When I think about the experiences I’d like my children to have, one thing that always comes to mind is the opportunity to see the world.
It’s not something I got to do when I was a kid. My parents simply couldn’t afford to take us on what we called ‘fancy’ holidays (basically, anything that involved getting on an airplane). In fact, before the age of 24, the furthest I’d travelled was to France for a GCSE art trip and A-level French work experience.
Growing up, my family breaks were simple affairs – caravan holidays in Wales – and, to be fair, I never really yearned for too much more. Holidays abroad were a rare occurrence among people I knew so I seldom felt like I was missing out.
Despite my childhood holiday memories, I want to try and give my children so much more. I think that’s a natural part of being a parent – I know mine felt bad about not being able give us ‘nicer’ holidays – but I also want to make sure their perception of the world isn’t confined by not experiencing other cultures and countries.
They’ve been lucky enough to visit Florida (twice), cruise around the Mediterranean and enjoy family holidays in Spain. That’s still only a small slab of the world though. It’s a big place out there and I want them to see as much of it as possible.
And I don’t know if it’s just me, but it almost feels like foreign holidays are part of family life nowadays.
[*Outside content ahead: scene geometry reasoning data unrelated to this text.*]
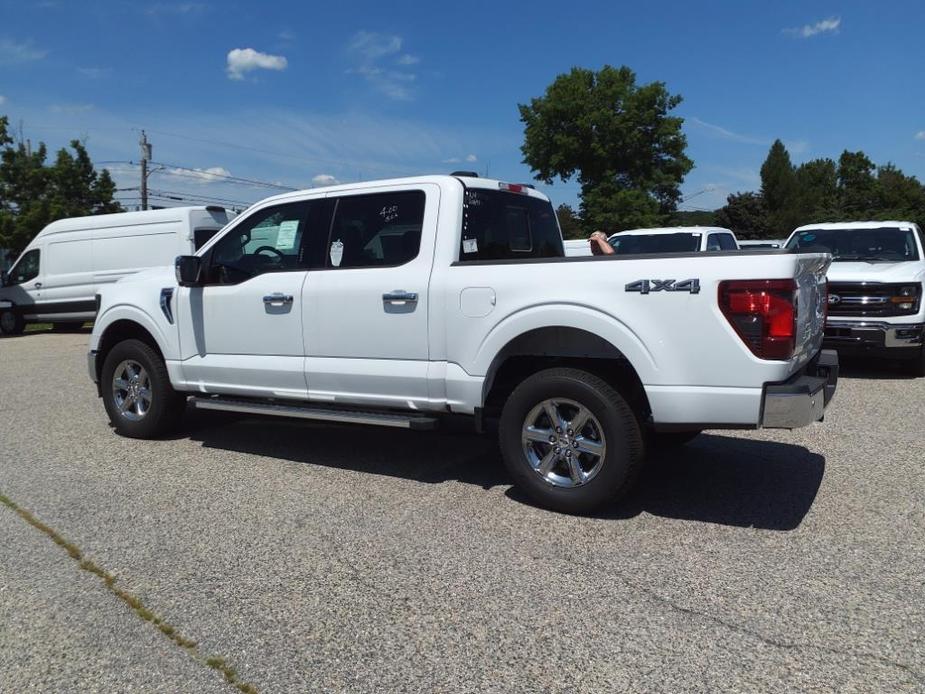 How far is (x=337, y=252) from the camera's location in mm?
5270

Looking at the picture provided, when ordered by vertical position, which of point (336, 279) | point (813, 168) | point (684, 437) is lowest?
point (684, 437)

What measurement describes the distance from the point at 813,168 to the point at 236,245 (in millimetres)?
115436

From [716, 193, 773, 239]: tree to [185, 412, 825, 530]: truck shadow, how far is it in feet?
290

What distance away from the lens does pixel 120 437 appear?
6.63m

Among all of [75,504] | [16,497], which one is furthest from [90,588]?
[16,497]

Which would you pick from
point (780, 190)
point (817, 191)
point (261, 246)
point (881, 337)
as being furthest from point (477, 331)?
point (817, 191)

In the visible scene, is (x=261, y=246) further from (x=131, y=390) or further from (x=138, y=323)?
(x=131, y=390)

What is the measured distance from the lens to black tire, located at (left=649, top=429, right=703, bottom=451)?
5.47m

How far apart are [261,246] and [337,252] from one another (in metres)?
0.78

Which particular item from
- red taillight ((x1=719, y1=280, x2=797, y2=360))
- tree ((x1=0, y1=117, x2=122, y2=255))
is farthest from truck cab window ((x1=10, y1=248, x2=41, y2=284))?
red taillight ((x1=719, y1=280, x2=797, y2=360))

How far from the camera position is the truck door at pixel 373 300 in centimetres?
486

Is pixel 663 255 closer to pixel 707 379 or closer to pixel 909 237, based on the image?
pixel 707 379

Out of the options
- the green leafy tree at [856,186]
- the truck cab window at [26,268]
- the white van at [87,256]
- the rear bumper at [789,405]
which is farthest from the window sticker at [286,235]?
the green leafy tree at [856,186]

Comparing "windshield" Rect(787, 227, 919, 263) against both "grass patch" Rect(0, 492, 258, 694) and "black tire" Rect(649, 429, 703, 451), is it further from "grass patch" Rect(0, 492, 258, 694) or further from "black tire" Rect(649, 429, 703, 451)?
"grass patch" Rect(0, 492, 258, 694) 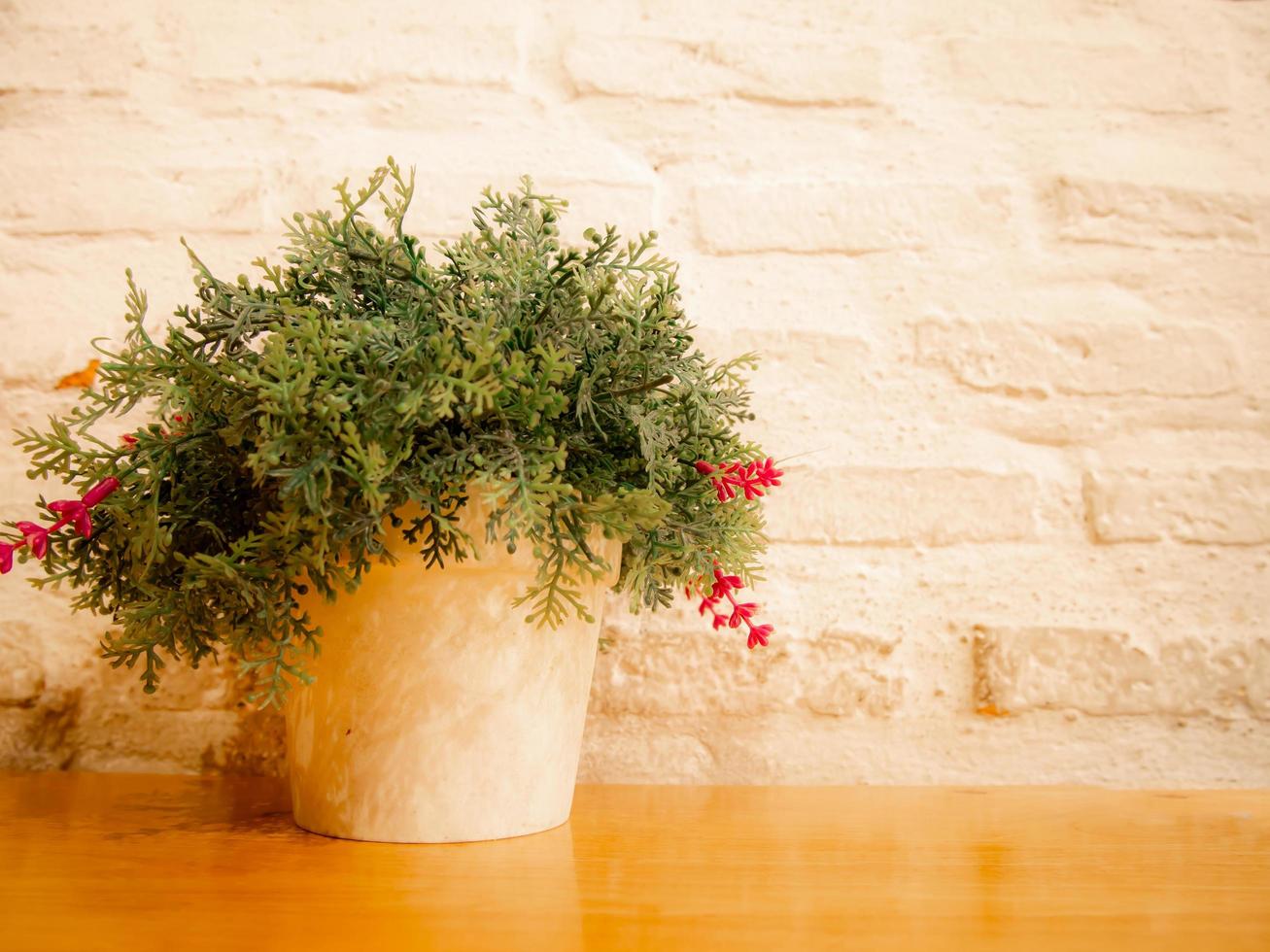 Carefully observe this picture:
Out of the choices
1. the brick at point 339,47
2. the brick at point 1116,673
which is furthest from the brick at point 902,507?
the brick at point 339,47

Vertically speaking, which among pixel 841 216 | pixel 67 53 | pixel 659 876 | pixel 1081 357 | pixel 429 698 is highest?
pixel 67 53

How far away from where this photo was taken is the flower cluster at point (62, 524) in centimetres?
62

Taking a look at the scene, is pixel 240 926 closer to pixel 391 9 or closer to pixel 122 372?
pixel 122 372

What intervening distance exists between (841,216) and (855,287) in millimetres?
76

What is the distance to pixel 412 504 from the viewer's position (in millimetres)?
641

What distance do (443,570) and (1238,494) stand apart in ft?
2.69

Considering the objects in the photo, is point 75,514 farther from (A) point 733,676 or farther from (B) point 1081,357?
(B) point 1081,357

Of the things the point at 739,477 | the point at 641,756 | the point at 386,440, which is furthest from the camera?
the point at 641,756

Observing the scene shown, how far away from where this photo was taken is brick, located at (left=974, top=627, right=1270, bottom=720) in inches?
37.1

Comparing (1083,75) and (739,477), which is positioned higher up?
(1083,75)

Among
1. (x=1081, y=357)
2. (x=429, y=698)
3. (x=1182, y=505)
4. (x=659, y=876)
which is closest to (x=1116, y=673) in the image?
(x=1182, y=505)

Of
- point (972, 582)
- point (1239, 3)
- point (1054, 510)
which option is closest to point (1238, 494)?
point (1054, 510)

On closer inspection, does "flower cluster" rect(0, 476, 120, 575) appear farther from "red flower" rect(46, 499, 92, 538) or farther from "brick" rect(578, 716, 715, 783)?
"brick" rect(578, 716, 715, 783)

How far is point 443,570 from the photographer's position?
64 centimetres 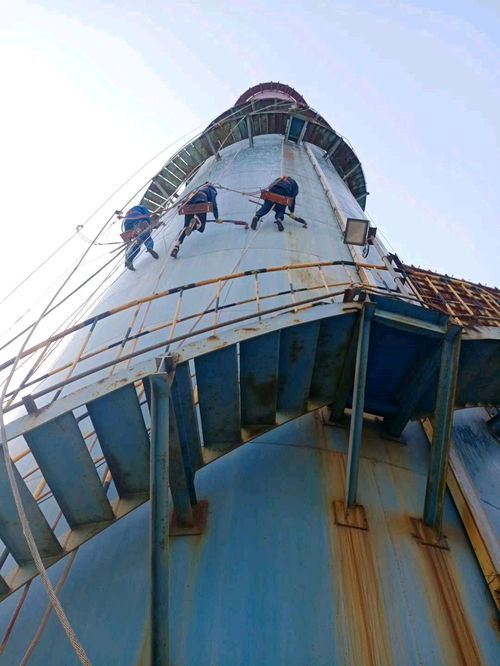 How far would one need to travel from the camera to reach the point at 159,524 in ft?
8.24

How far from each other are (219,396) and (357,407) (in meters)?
1.22

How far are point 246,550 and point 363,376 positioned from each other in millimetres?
1720

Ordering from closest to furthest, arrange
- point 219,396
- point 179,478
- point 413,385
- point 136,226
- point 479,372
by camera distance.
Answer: point 179,478 < point 219,396 < point 413,385 < point 479,372 < point 136,226

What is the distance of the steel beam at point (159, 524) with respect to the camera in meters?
2.34

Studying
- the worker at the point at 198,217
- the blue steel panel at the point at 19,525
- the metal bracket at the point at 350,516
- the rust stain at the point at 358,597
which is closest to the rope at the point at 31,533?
the blue steel panel at the point at 19,525

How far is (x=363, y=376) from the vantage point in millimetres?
3604

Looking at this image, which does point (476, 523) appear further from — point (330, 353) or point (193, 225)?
point (193, 225)

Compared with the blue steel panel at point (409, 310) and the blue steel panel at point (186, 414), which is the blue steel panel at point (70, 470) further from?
the blue steel panel at point (409, 310)

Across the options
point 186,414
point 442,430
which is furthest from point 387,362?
point 186,414

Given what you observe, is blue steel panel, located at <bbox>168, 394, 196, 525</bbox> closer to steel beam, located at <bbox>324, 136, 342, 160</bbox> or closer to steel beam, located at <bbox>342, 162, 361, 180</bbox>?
steel beam, located at <bbox>324, 136, 342, 160</bbox>

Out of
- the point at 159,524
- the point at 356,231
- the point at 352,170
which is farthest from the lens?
the point at 352,170

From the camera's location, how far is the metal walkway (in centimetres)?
285

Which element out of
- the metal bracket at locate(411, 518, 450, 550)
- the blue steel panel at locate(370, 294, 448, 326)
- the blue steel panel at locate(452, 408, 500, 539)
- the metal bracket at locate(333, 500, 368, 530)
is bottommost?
the blue steel panel at locate(452, 408, 500, 539)

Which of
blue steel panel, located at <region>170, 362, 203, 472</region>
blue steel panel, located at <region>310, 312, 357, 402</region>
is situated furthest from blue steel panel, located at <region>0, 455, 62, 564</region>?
blue steel panel, located at <region>310, 312, 357, 402</region> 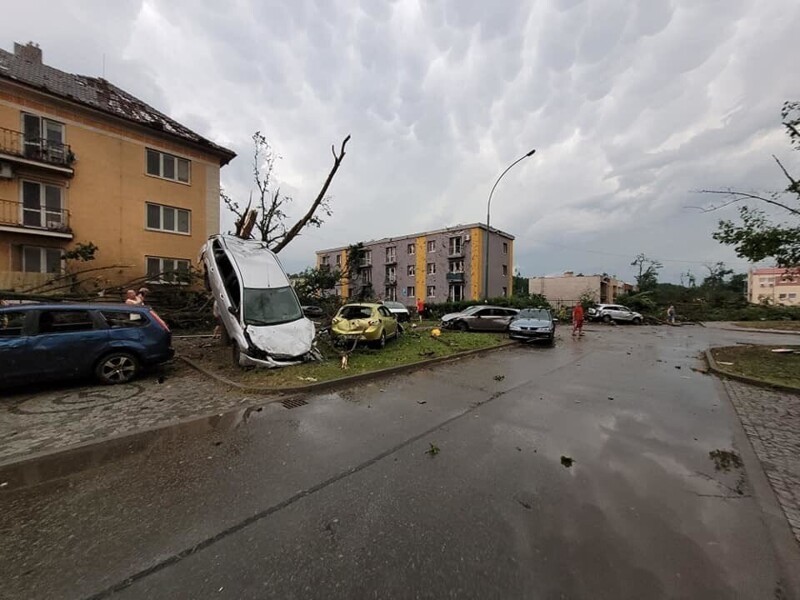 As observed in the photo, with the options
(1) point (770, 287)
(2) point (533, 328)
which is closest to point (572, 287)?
(2) point (533, 328)

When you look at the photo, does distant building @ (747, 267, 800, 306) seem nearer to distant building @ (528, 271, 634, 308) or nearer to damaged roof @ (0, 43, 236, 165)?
distant building @ (528, 271, 634, 308)

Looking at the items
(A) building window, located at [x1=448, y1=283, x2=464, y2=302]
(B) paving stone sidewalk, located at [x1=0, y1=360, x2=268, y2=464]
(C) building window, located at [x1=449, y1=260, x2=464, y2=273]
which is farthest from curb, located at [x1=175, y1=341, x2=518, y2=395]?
(C) building window, located at [x1=449, y1=260, x2=464, y2=273]

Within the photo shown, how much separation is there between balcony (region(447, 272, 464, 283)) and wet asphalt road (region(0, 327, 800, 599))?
3498 centimetres

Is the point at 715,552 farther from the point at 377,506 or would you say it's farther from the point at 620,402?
the point at 620,402

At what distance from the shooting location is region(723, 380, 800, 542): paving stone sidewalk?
3.33m

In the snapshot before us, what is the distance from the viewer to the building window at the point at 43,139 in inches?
591

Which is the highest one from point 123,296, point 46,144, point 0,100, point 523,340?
point 0,100

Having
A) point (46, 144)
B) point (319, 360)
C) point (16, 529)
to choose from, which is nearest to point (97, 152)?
point (46, 144)

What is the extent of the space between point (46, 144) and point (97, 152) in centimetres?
173

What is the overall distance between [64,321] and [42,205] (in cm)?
1420

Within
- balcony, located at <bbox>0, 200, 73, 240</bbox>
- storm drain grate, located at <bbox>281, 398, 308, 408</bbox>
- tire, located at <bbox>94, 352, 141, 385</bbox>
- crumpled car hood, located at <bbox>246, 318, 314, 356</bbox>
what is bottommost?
storm drain grate, located at <bbox>281, 398, 308, 408</bbox>

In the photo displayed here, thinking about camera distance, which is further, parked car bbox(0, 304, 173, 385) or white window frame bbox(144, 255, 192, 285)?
white window frame bbox(144, 255, 192, 285)

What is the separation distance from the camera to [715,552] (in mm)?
2516

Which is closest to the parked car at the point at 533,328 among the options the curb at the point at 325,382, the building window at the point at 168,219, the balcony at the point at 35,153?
the curb at the point at 325,382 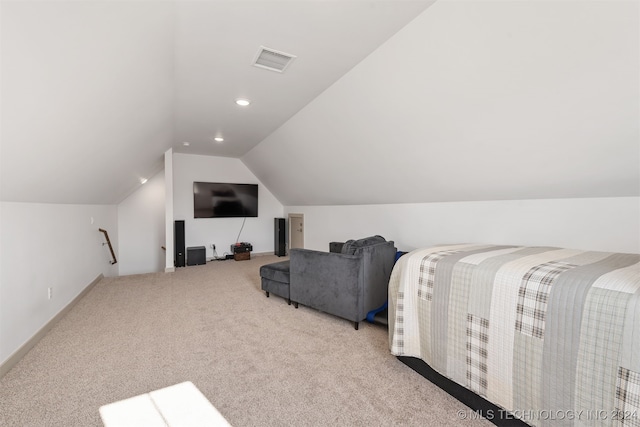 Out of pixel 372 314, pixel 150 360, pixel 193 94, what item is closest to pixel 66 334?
pixel 150 360

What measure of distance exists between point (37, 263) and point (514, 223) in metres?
4.52

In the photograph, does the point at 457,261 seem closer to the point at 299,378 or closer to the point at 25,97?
the point at 299,378

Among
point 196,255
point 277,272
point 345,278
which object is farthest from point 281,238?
point 345,278

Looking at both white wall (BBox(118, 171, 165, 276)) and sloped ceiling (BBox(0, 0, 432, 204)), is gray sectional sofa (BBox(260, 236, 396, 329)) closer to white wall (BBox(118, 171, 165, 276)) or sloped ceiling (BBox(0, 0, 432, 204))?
sloped ceiling (BBox(0, 0, 432, 204))

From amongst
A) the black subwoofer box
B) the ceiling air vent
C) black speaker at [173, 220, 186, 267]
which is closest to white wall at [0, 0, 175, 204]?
the ceiling air vent

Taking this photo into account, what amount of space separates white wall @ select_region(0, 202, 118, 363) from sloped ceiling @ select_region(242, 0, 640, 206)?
2963 mm

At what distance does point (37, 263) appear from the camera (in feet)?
8.43

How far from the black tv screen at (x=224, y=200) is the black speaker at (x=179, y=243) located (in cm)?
56

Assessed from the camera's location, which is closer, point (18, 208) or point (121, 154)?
point (18, 208)

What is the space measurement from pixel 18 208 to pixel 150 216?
171 inches

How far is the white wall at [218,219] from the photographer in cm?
627

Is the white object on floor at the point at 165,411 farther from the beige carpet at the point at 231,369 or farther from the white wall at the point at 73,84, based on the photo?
the white wall at the point at 73,84

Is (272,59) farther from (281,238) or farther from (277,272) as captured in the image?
(281,238)

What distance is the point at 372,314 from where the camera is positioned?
2848 mm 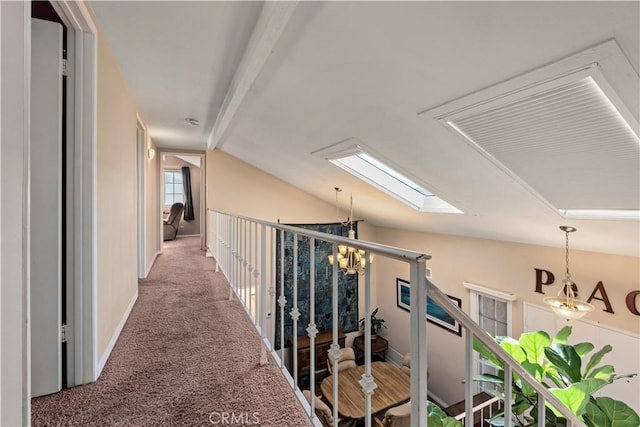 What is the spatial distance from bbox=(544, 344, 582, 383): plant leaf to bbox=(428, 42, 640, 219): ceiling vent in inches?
44.4

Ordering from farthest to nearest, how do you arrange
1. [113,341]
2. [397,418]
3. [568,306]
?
[397,418] → [568,306] → [113,341]

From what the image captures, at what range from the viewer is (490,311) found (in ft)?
14.6

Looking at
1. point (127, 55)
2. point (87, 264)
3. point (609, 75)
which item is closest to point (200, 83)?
point (127, 55)

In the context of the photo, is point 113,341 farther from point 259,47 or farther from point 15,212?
point 259,47

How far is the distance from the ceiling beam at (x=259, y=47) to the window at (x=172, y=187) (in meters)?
6.75

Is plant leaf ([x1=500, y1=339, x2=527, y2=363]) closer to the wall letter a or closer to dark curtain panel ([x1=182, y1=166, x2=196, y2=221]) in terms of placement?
the wall letter a

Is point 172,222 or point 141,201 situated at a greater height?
point 141,201

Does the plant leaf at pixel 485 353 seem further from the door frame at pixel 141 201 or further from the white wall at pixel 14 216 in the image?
the door frame at pixel 141 201

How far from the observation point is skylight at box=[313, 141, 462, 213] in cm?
364

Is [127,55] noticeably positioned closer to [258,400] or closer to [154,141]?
[258,400]

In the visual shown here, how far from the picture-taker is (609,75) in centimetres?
125

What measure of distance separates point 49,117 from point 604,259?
485 centimetres

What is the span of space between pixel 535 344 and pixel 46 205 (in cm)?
321

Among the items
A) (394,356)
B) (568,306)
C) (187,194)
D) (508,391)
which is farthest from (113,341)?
(187,194) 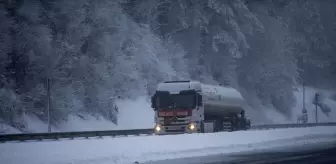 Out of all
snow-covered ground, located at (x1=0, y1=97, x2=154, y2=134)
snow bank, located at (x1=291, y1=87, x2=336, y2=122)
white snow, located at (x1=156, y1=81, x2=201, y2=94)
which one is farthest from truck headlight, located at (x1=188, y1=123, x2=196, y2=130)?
snow bank, located at (x1=291, y1=87, x2=336, y2=122)

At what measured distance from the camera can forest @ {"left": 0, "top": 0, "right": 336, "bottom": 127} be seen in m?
38.9

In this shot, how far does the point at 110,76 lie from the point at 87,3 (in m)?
7.17

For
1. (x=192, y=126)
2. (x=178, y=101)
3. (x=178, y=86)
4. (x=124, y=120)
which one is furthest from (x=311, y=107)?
(x=192, y=126)

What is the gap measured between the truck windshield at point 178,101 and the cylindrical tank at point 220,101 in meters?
1.40

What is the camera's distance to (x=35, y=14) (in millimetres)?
40406

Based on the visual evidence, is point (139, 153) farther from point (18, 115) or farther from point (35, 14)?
point (35, 14)

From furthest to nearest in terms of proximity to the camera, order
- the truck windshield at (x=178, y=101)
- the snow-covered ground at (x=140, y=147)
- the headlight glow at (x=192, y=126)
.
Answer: the truck windshield at (x=178, y=101) < the headlight glow at (x=192, y=126) < the snow-covered ground at (x=140, y=147)

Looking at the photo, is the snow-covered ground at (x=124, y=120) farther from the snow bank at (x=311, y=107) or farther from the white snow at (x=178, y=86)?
the white snow at (x=178, y=86)

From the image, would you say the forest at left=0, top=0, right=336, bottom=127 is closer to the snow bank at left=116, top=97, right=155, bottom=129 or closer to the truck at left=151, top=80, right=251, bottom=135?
the snow bank at left=116, top=97, right=155, bottom=129

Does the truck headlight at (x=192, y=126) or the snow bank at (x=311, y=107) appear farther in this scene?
the snow bank at (x=311, y=107)

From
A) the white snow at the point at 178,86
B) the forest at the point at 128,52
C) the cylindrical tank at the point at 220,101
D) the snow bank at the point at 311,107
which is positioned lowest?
the snow bank at the point at 311,107

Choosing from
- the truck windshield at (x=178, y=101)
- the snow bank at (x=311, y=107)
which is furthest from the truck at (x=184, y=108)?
the snow bank at (x=311, y=107)

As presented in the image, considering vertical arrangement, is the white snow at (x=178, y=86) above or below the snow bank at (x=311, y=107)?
above

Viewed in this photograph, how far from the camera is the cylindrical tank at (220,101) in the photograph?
33.2 meters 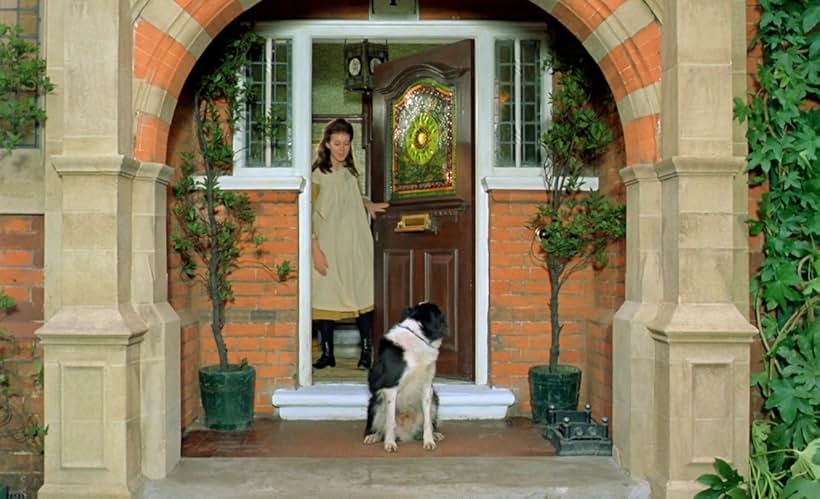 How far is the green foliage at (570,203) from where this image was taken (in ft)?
16.9

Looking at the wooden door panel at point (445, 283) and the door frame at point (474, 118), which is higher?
the door frame at point (474, 118)

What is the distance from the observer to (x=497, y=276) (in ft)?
18.6

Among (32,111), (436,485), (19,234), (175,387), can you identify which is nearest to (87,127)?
(32,111)

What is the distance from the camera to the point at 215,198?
538cm

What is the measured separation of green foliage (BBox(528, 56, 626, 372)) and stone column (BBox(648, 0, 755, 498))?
1210 mm

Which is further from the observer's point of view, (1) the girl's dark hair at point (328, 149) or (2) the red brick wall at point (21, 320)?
(1) the girl's dark hair at point (328, 149)

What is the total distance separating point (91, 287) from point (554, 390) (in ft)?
9.92

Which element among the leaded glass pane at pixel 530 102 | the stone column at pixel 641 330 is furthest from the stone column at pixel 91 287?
the leaded glass pane at pixel 530 102

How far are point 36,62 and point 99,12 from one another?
445 mm

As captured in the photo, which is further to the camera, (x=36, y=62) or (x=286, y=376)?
(x=286, y=376)

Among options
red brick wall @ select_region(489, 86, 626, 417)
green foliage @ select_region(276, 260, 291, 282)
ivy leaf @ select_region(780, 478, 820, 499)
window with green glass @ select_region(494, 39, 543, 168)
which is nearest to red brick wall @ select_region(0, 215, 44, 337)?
green foliage @ select_region(276, 260, 291, 282)

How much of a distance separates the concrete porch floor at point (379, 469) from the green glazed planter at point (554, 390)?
292 millimetres

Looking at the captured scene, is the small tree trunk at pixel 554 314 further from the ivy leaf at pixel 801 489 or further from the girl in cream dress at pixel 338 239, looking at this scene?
the ivy leaf at pixel 801 489

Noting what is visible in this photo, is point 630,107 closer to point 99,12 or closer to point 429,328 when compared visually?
point 429,328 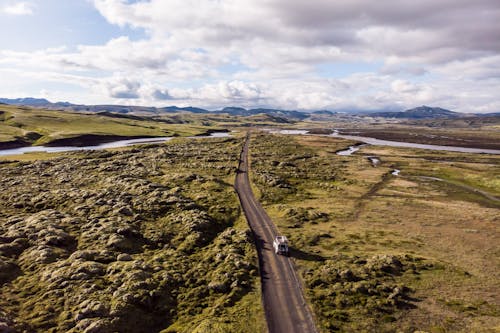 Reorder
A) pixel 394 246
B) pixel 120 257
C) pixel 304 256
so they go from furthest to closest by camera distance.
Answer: pixel 394 246 < pixel 304 256 < pixel 120 257

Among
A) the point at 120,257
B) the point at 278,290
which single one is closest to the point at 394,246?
the point at 278,290

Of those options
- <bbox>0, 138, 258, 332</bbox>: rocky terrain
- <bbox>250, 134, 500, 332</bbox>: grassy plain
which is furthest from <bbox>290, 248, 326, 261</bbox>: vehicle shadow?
<bbox>0, 138, 258, 332</bbox>: rocky terrain

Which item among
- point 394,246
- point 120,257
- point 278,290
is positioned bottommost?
point 278,290

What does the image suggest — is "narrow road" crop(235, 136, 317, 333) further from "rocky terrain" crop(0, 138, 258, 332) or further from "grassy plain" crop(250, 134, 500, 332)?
"rocky terrain" crop(0, 138, 258, 332)

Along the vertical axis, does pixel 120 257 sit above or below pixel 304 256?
above

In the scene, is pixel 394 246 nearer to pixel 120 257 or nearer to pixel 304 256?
pixel 304 256

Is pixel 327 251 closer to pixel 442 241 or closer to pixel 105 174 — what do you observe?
pixel 442 241

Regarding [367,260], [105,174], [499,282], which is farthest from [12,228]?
[499,282]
Both Olivia and William have friends who have travelled to Australia, the US and parts of Europe. I won’t lie, I sometimes feel the pressure to deliver.
What family travel means to me
Don’t get me wrong, there’s nothing wrong with caravans. And there’s nothing wrong with domestic holidays. But we also like to explore – in the UK and overseas – when we can.
My husband was put off from booking any foreign family holidays while Olivia and William were very young. He thought it’d be too stressful. It really doesn’t have to be though – a fact we only discovered after booking our first overseas break when William was 3 years old.
Travelling abroad with my children has meant that they’ve seen the leaning tower of Pisa, played mini golf in the middle of an ocean, visited the ‘most magical place on earth’ (Walt Disney World) and Olivia has even swum with dolphins (William was too young).
In most cases, these things are entirely new to me too. The look of wonder and excitement on my face matching theirs.
There’s something really special about discovering places together as a family. That is ultimately what family travel means to me.
It doesn’t have to start and end with my husband and children either. We’ve been on holiday with my in-laws a couple of times now, which has added a whole other dimension to our breaks (in a good way). Intergenerational travel can be win/win: you share the cost of the holiday and have babysitters on hand. For them, they get to spend some quality time with their grandchildren in a totally different environment.
In fact, sitting here on a cold and dreary February morning, all of this talk is making me daydream about where I’d like to take my family next.
So that’s what family travel means to me. What does it mean to you?